Frage: Was genau tun Sie für die Frauen im Land?
Kunjavara: Zunächst geben wir ihnen das Zutrauen, dass sie mit Männern gleichberechtig sind. Kulturell wurden sie bislang so geprägt, dass sie immer zu den Männern aufschauen mussten. Wenn wir mit den Frauen arbeiten, geben wir ihnen das Zutrauen, dass sie auch fähig sind. Sie kennen sich in der Landwirtschaft aus, in Gesundheits- und Hygienefragen, Regierungsführung und Haushalten. Wir geben den Frauen Zutrauen, denn sie sind organisiert, sie halten zusammen, sind eine Einheit und stehen ein gegen häusliche Gewalt, Unterdrückung, und Ausgrenzung von Entscheidungen im Bereich der Landwirtschaft. Wir helfen den Frauen, mehr Kontrolle zu erhalten, Entscheidungen zu finden, mehr Anerkennung zu erhalten als Menschen, die die Ressourcen und das Wissen haben und es für die eigene Stärkung einsetzen können.
Frage: Wie betrifft die Bauern der Klimawandel und welche Maßnahmen ergreifen Sie, um sie davor zu schützen?

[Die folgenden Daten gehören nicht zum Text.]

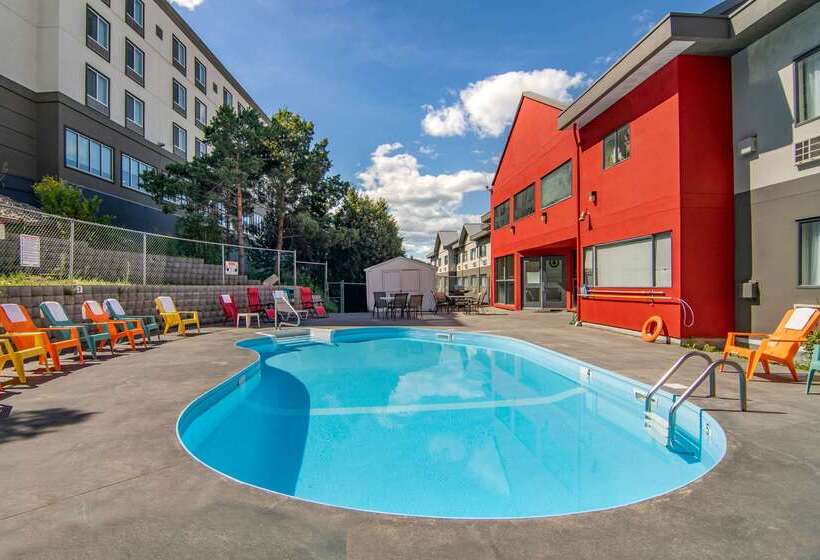 酒店 Quality Inn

Kunjavara: Unsere Erfahrung mit den Auswirkungen des Klimawandels wie Überschwemmungen, Dürren, und den Jahreszeiten unangemessene Regenfälle zeigt, dass besonders jene Dörfer betroffen sind, die sich der Mainstream-Landwirtschaft angepasst haben. Die Landwirtschaft hängt von bestimmten agroklimatischen Bedingungen ab. Wenn man nun eine Agrarwirtschaft einführt, die nicht zu den lokalen Klimabedingungen passt, ist die Krise sicher. Früher oder später zahlen die Bauern den Preis dafür. Wir haben festgestellt, dass der Klimawandel auf die eine oder andere Art immer da war. Die lokalen Agrarsysteme sind in der Lage, dem standzuhalten. Sicher ist der Klimawandel in den letzten 15, 20 Jahren schlimmer geworden. Aber die lokalen Landwirtschaftssysteme sind besser in der Lage, die Auswirkungen des Klimawandels in den Griff zu bekommen. Wenn wir mit den Dorfgemeinschaften zusammenarbeiten, versuchen wir also lokale Lösungen zu finden, denn diese sind standardmäßig robuster. Auch lokale Arten von Saatgut wie etwa Hirse sind resistenter gegen die Auswirkungen des Klimawandels. Wenn der Regen etwa ausbleibt, wird es für die Bauern trotzdem etwas abwerfen. Wir helfen den Bauern also, ihre Ernährungssicherheit zu erhalten, indem wir lokale Systeme unterstützen und nicht ein Mainstream-Landwirtschaftssystem, das zu den lokalen Bedingungen gar nicht passt.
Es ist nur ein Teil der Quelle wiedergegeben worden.